Source: Author's private collection

Simultaneous Interpreting: Leaving the Comfort Zone

My path in interpreting is a little controversial, since I am graduated as a translator, but not as an interpreter and also, because this world kind of dragged me in unexpectedly. I never tried to get into the interpreting world, but when I did I loved it. So, it happened like this: 

The phone rang:

— Hello, Marina. I have your résumé in my hands and I see you are an interpreter. 

I was a little confused because I had just woken up and I said:

— No, I’m not. Sorry.

And he said:

— Really? It’s in your résumé!

— In my résumé? — I said. — This is Marina Caproni. Are you sure this is my résumé?

And he said:

— Yes, I am. It says here that you worked in a company as a translator and interpreter for one year.

That was the first time someone has focused on the interpreter part of my résumé. I worked for one year in a project with people from different nationalities and sometimes I had to do some consecutive interpreting at the office. But when I was still confused about this new title he had just assigned to me, he said:

— Hey! Why don’t you come to the office and try it? It will be a short test and we will see if you fit the job. We are five minutes away from your place.

I said yes but started to get nervous thinking: “I can’t do this. It will be a shame. I’m not an actual interpreter.” 

I thought about not going, but in the end I said: 

— Ok, I’ll go. 

In the worst scenario, it would be an opportunity of increasing my translation network.

I met the man on the phone and started the test, interpreting a Steve Job’ speech on the iOS. After 40 seconds interpreting the video I got a new job.

I had a proper training before starting to work, of course, but just one week later there I was, working on an UNO’s conference in Brazil. It was awesome. I was so excited, so happy, feeling like I had just found a brand new world. From that moment on, I was a simultaneous interpreter.
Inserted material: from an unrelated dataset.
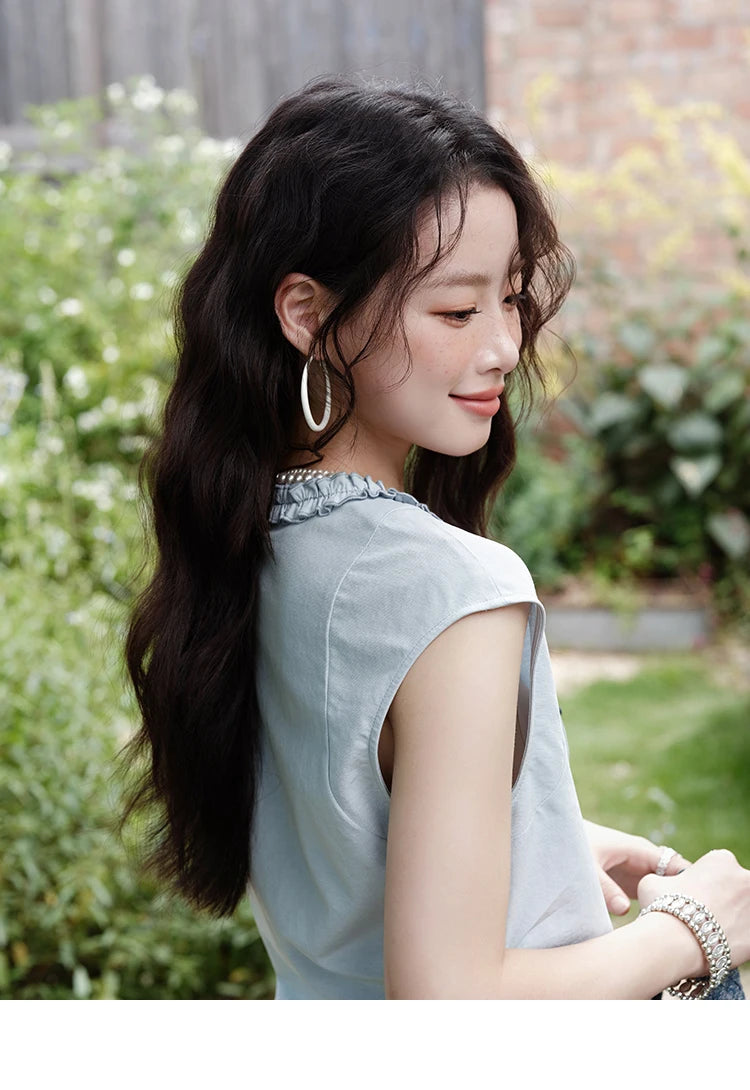 MISHOW Women's Casual Round Neck Shirt 2025 Summer New Office Lady Slim Shirt Sleeveless Button Top Female Clothing MXE38X1864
However, the job is not easy. It demands full concentration. You have to work inside a cabin with a partner. You talk for 20 minutes and then pass the stick to your partner. Forget it if you don’t know how to work as a team because you cannot work alone. It demands such a concentration that in 20 minutes you are already exhausted. 

One important thing: you have to be humble and know that only in a partnership the job is well done. The ego has to be left outside the cabin because the work is ruined when you think you’re better than your partner. And trust me, it happens a lot. 

But the most important thing is to always be ready. The preparation is the hardest work – working on glossaries on the subject and reading everything you can find about it, practicing with videos on the theme, collecting any material you can get from the client about the subject at issue, working on your voice tone, talking to the speaker before the speech to clear up any doubts and solve any possible problems.  

One day you will be interpreter in a conference on the Korean culture, with people talking about the beauties and advances of that country, but on the other day you will work in a conference on a 3D mesh for hernia surgeries, including an interpretation of two live surgeries.

You can start with a proper course. There are 2-year graduate degrees on interpretation if you’re already an undergraduate, or you can go to a translation and interpretation school, if you are not. I started studying by myself, reading a lot of books, articles, videos on the theme, and learning by doing it. I had been working as a translator for more than six years and one day I realized I had a huge vocabulary, which is vital for the job since you have to think fast and not being stuck on a term you can’t remember the translation.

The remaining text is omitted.